### AIM OF THE TASK
From the records that follow, return exactly the lines beginning at the one that contains "on 09 November 2014 at 11:42, image #240" and ending at the one that contains "PC Tour HP 280", pictures left out.

### RAW DATA
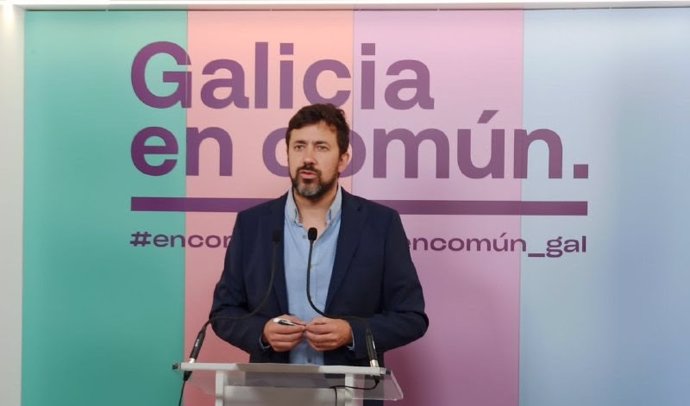 El portavoz de Galicia en Común, Antón Gómez-Reino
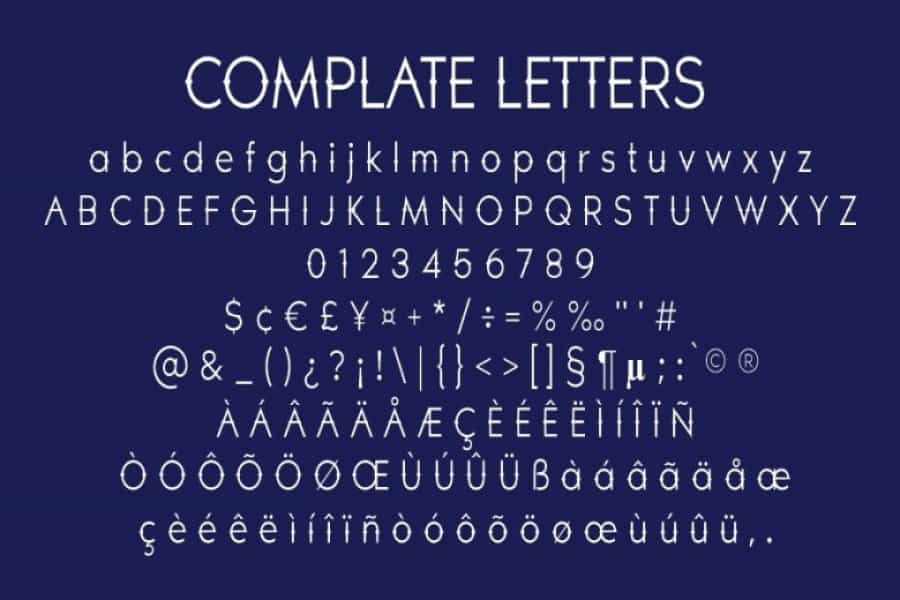 Authentic Sans Serif Font Image 3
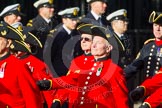 Remembrance Sunday at the Cenotaph in London 2014: Group C26 - Royal Hospital Chelsea.
Press stand opposite the Foreign Office building, Whitehall, London SW1,
London,
Greater London,
United Kingdom,
on 09 November 2014 at 11:42, image #240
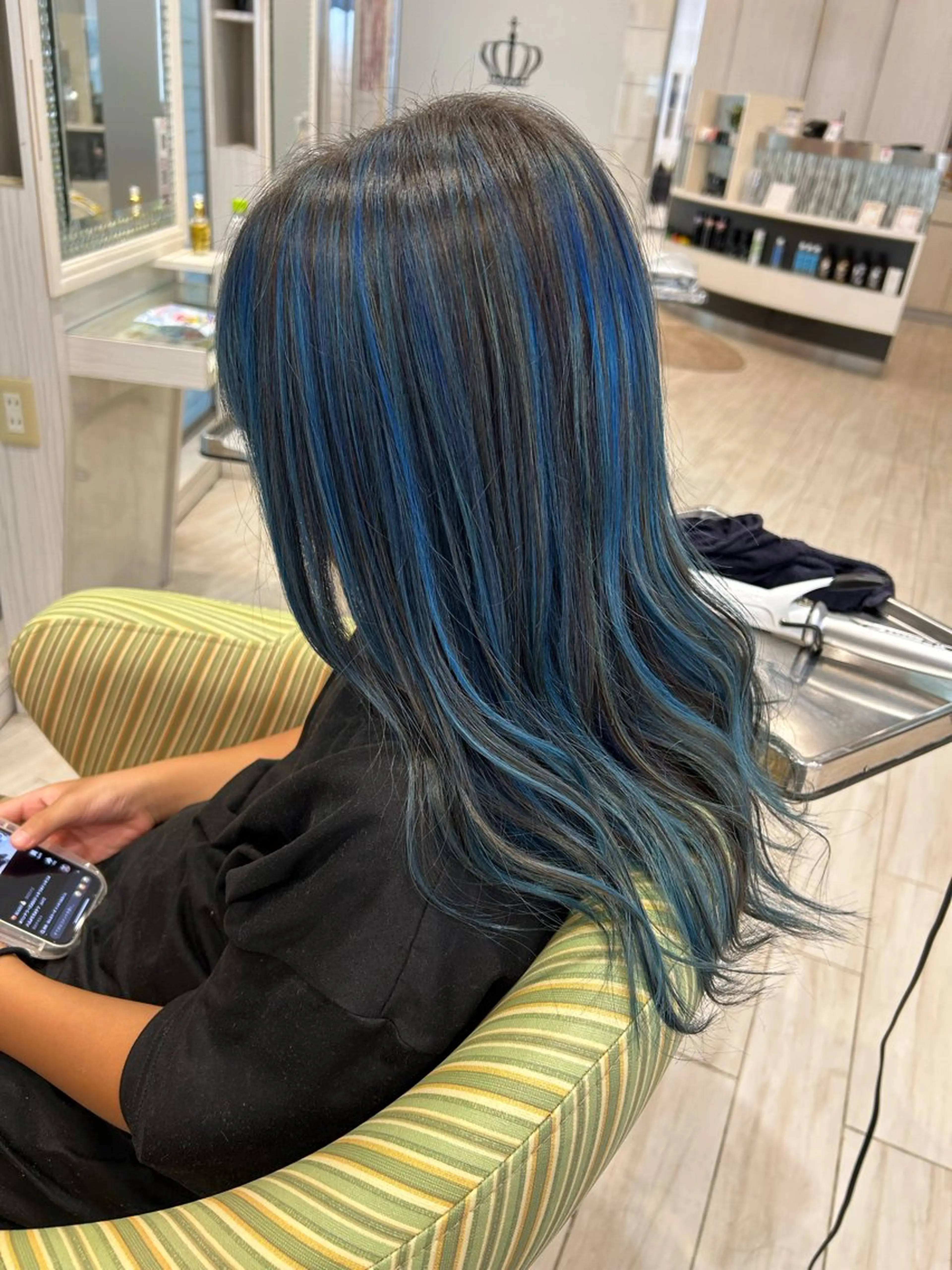 ロング カット ヘアカラー 中川 拓弥のヘアスタイル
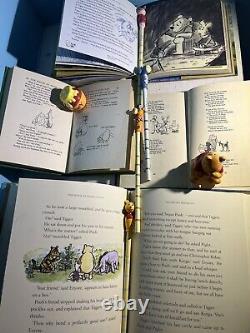 Winnie The Pooh A A Milne Vintage Book Collection Rare Collectibles Lovely Group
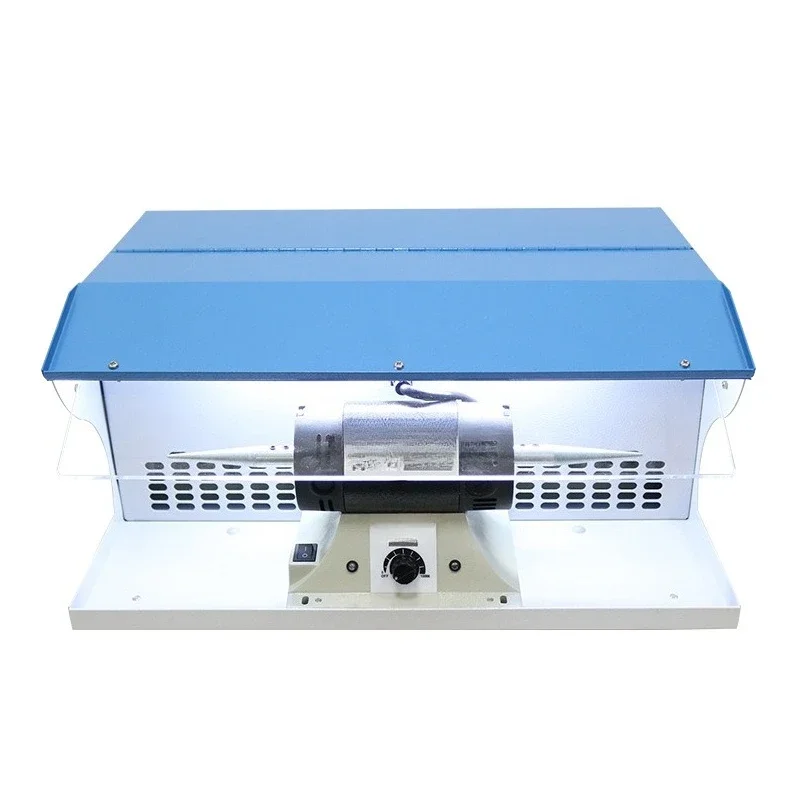 

Small desktop double-head polishing machine, gold and silver jewelry with lamp tube speed regulation digital display grinding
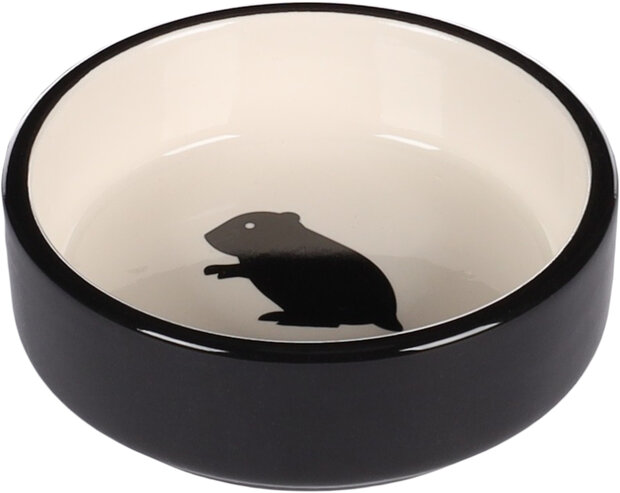 Eet- en drinkpot Hamster Nala Rond Zwart &amp; Wit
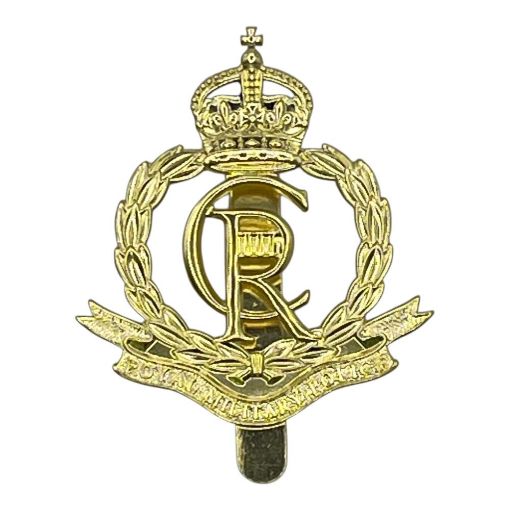Picture of Cap Badge - RMP - V Hook - Brass - Tudor Crown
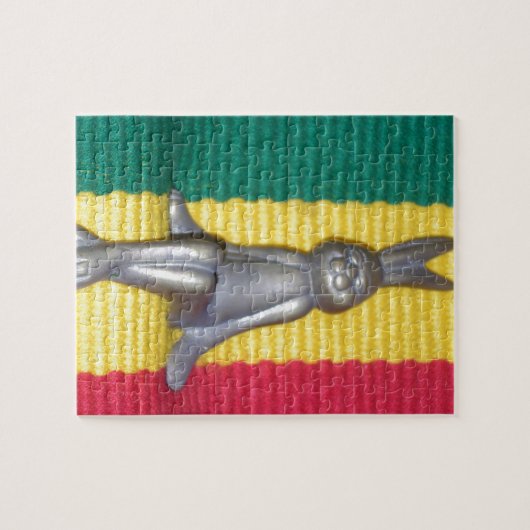 美しいアメージングラビットキングストンジャマイカ ジグソーパズル (横)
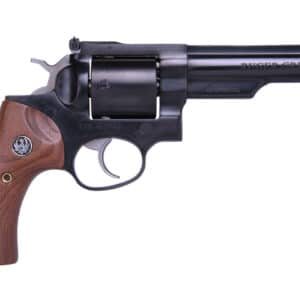 Ruger GP100 .44 S&W Special 5-inch blued revolver with wood-style grips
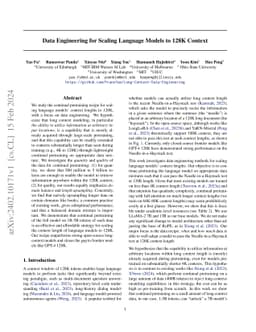Data Engineering for Scaling Language Models to 128K Context
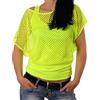 Crazy Age Top Estivo da Donna, per Carnevale, alla Moda, Colori Neon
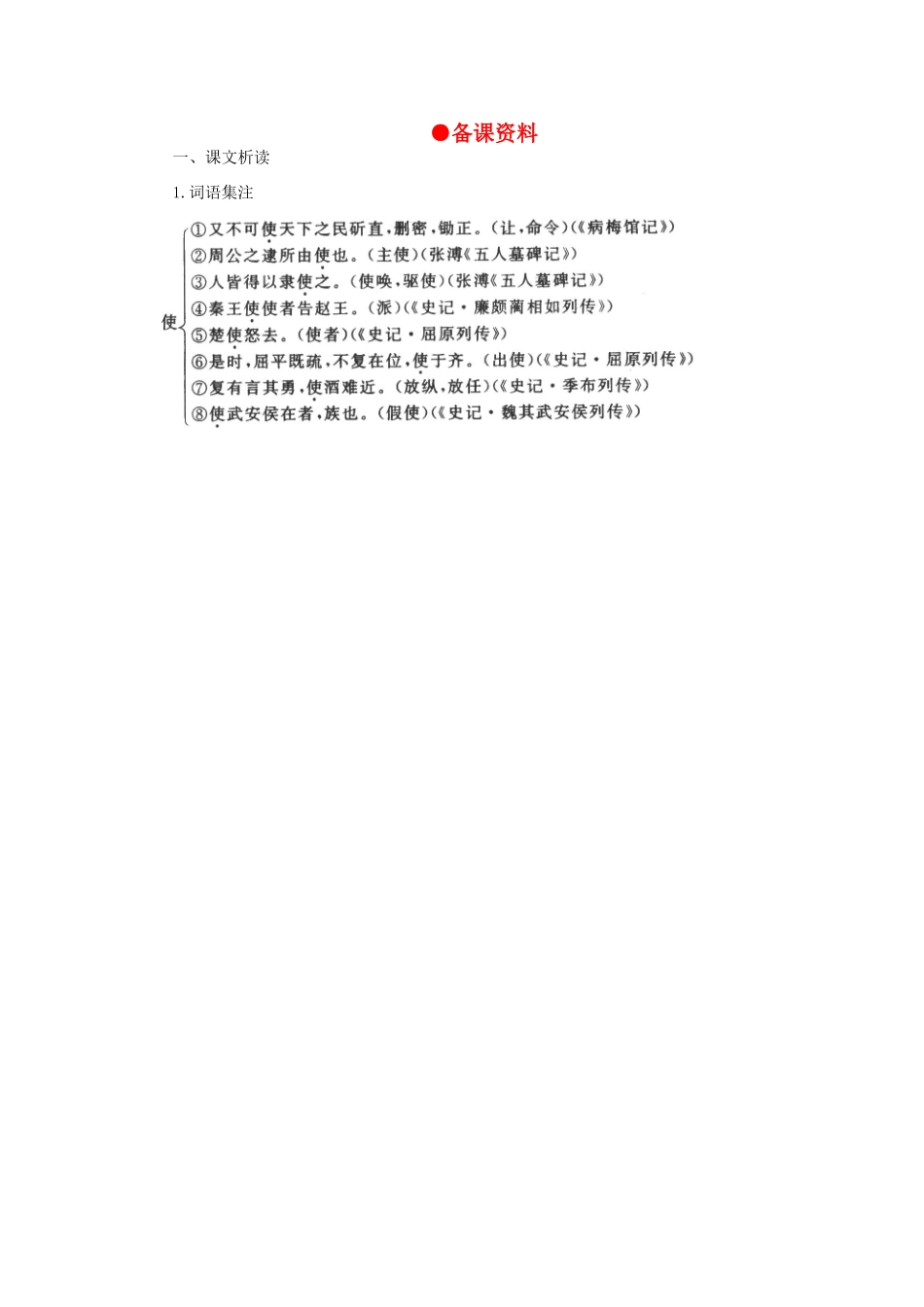 高中语文 24病梅馆记（备课资料）精品教案 大纲人教版第三册_第1页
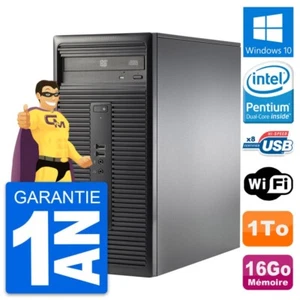PC Tour HP 280 G1 MT Intel Pentium G3220 RAM 16Go Disque Dur 1To Windows 10 Wifi - Imagen 1 de 8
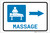 Massage Right Arrow with Icon Landscape - Label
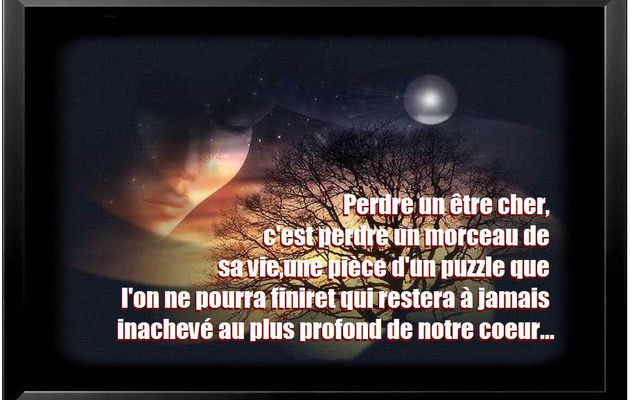 Poeme sur l absence d un etre cher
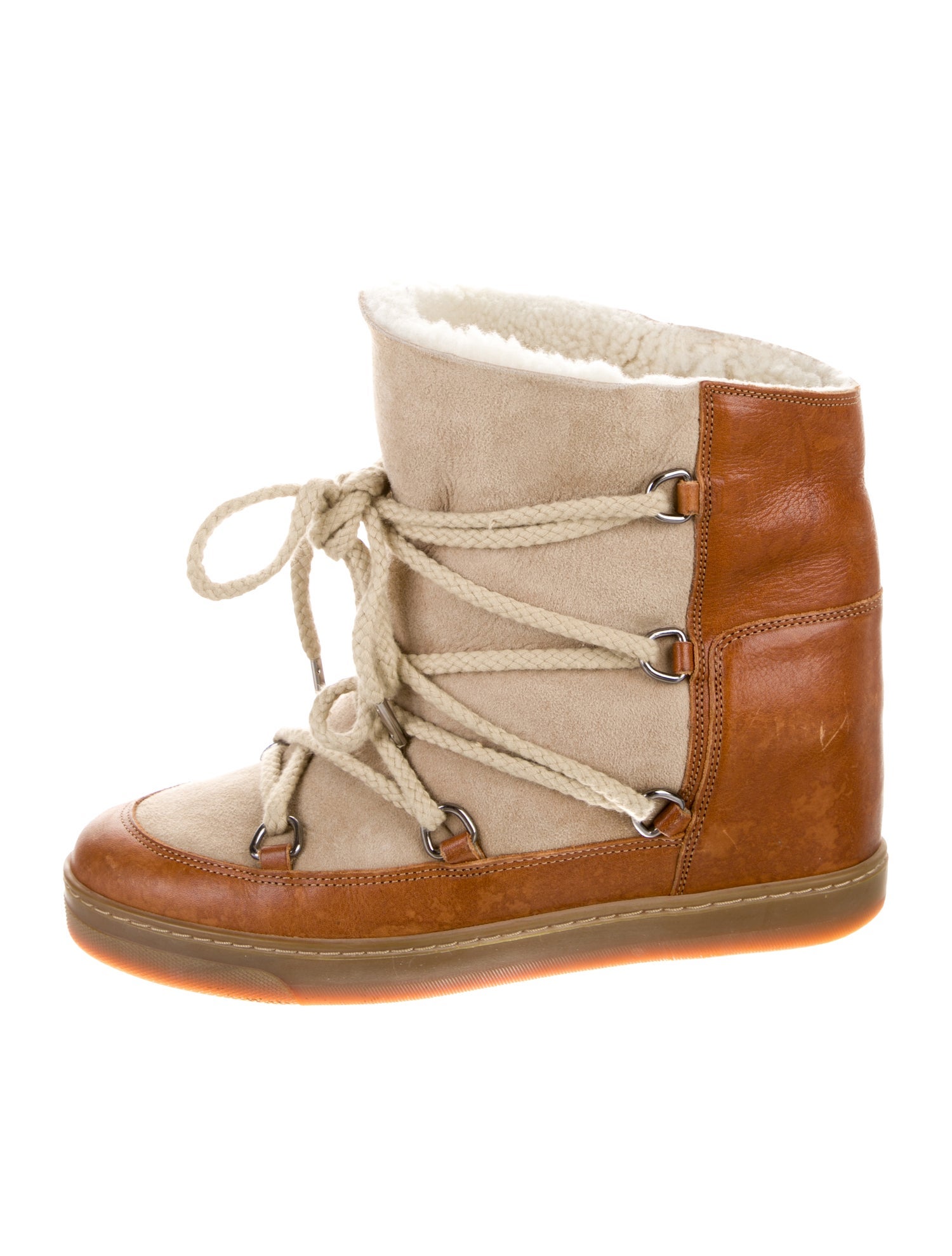 Isabel Marant Leather Lace-Up Boots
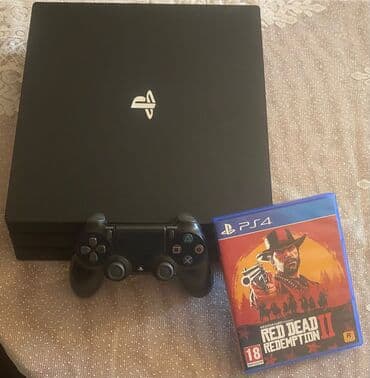 Sony PlayStation 4 Pro 1TB Red Dead Redemption 2 diski Grand Theft lalafo.az -da Sony PlayStation 4 Pro 1TB Red Dead Redemption 2 diski Grand Theft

### WRITTEN RESPONSE
on 09 November 2014 at 11:42, image #240
 ロング カット ヘアカラー 中川 拓弥のヘアスタイル
 Winnie The Pooh A A Milne Vintage Book Collection Rare Collectibles Lovely Group

Small desktop double-head polishing machine, gold and silver jewelry with lamp tube speed regulation digital display grinding
 Eet- en drinkpot Hamster Nala Rond Zwart &amp; Wit
Picture of Cap Badge - RMP - V Hook - Brass - Tudor Crown
 美しいアメージングラビットキングストンジャマイカ ジグソーパズル (横)
 Ruger GP100 .44 S&W Special 5-inch blued revolver with wood-style grips
Data Engineering for Scaling Language Models to 128K Context
 Crazy Age Top Estivo da Donna, per Carnevale, alla Moda, Colori Neon
 高中语文 24病梅馆记（备课资料）精品教案 大纲人教版第三册_第1页
PC Tour HP 280 G1 MT Intel Pentium G3220 RAM 16Go Disque Dur 1To Windows 10 Wifi - Imagen 1 de 8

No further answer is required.